On x86, address_hi is ignored unless the KVM_CAP_X2APIC_API capability
is enabled.  If it is enabled, address_hi bits 31-8 provide bits 31-8 of
the destination id.  Bits 7-0 of address_hi must be zero.

>  struct kvm_irq_routing_s390_adapter {
>  	__u64 ind_addr;
>  	__u64 summary_addr;
> @@ -1583,6 +1586,13 @@ struct kvm_lapic_state {
>  Reads the Local APIC registers and copies them into the input argument.  The
>  data format and layout are the same as documented in the architecture manual.
>  
> +If KVM_CAP_X2APIC_API is enabled, then the format of APIC_ID register depends
> +on APIC mode (reported by MSR_IA32_APICBASE) of its VCPU.  The format follows
> +xAPIC otherwise.
> +
> +x2APIC stores APIC ID as little endian in bits 31-0 of APIC_ID register.
> +xAPIC stores bits 7-0 of APIC ID in register bits 31-24.

If KVM_CAP_X2APIC_API is enabled, then the format of APIC_ID register
depends on the APIC mode (reported by MSR_IA32_APICBASE) of its VCPU.
x2APIC stores APIC ID in the APIC_ID register (bytes 32-35).  xAPIC only
allows an 8-bit APIC ID which is stored in bits 31-24 of the APIC
register, or equivalently in byte 35 of struct kvm_lapic_state's regs field.

If KVM_CAP_X2APIC_API is disabled, struct kvm_lapic_state always uses
xAPIC format.

> +
>  
>  4.58 KVM_SET_LAPIC
>  
> @@ -1600,6 +1610,8 @@ struct kvm_lapic_state {
>  Copies the input argument into the Local APIC registers.  The data format
>  and layout are the same as documented in the architecture manual.
>  
> +See the note about APIC_ID register in KVM_GET_LAPIC.

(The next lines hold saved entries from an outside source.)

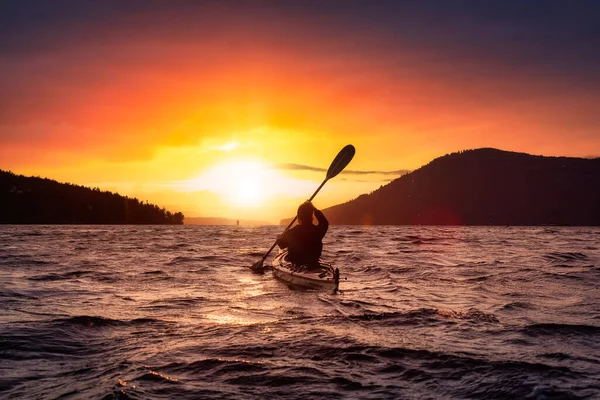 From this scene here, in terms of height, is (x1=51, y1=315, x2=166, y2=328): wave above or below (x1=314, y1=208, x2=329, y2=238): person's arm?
below

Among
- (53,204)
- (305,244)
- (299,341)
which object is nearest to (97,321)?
(299,341)

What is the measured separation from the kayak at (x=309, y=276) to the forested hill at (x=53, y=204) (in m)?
185

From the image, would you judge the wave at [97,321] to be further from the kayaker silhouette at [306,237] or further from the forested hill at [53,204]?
the forested hill at [53,204]

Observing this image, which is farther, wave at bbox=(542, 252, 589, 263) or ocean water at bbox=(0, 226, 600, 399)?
wave at bbox=(542, 252, 589, 263)

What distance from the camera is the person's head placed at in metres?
17.0

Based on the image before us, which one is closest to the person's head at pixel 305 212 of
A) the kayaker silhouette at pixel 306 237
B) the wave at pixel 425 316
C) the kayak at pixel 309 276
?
the kayaker silhouette at pixel 306 237

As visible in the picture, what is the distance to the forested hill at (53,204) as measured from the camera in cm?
17638

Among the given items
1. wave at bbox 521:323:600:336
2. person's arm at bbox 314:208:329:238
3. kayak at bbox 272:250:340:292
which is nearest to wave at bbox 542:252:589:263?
kayak at bbox 272:250:340:292

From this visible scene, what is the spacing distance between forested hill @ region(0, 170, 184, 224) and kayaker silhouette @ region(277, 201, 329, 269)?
186m

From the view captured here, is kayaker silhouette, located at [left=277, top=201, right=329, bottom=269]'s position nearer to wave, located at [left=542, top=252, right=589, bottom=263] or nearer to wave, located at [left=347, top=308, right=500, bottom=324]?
wave, located at [left=347, top=308, right=500, bottom=324]

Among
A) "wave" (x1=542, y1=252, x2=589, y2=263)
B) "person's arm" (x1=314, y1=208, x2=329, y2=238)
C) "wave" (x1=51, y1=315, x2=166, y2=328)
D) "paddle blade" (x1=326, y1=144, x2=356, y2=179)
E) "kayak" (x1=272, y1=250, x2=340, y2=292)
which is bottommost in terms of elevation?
"wave" (x1=542, y1=252, x2=589, y2=263)

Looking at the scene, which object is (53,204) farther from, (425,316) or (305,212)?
(425,316)

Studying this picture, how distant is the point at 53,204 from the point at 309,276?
191570mm

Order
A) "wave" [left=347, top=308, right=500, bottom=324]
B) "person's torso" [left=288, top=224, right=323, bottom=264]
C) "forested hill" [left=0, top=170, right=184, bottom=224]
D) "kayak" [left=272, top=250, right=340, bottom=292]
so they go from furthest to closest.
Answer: "forested hill" [left=0, top=170, right=184, bottom=224] < "person's torso" [left=288, top=224, right=323, bottom=264] < "kayak" [left=272, top=250, right=340, bottom=292] < "wave" [left=347, top=308, right=500, bottom=324]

The format of the APIC ID register (bytes 32-35 of struct
kvm_lapic_state's regs field) depends on the state of the
KVM_CAP_X2APIC_API capability.  See the note in KVM_GET_LAPIC.
>  
>  4.59 KVM_IOEVENTFD
>  
> @@ -2180,6 +2192,9 @@ struct kvm_msi {
>  
>  No flags are defined so far. The corresponding field must be 0.
>  
> +If KVM_CAP_X2APIC_API is enabled, then address_hi bits 31-8 contain bits 31-8
> +of destination id and address_hi bits 7-0 is must be 0.

Please use the same wording as in KVM_SET_GSI_ROUTING.

>  
>  4.71 KVM_CREATE_PIT2
>  
> @@ -3811,6 +3826,17 @@ Allows use of runtime-instrumentation introduced with zEC12 processor.
>  Will return -EINVAL if the machine does not support runtime-instrumentation.
>  Will return -EBUSY if a VCPU has already been created.
>  
> +7.7 KVM_CAP_X2APIC_API
> +
> +Architectures: x86
> +Parameters: none
> +Returns: 0 on success, -EINVAL if reserved parameters are not 0
> +
> +Enabling this capability changes the behavior of KVM_SET_GSI_ROUTING,
> +KVM_SIGNAL_MSI, KVM_SET_LAPIC, and KVM_GET_LAPIC

... ", allowing the use of 32-bit APIC IDs".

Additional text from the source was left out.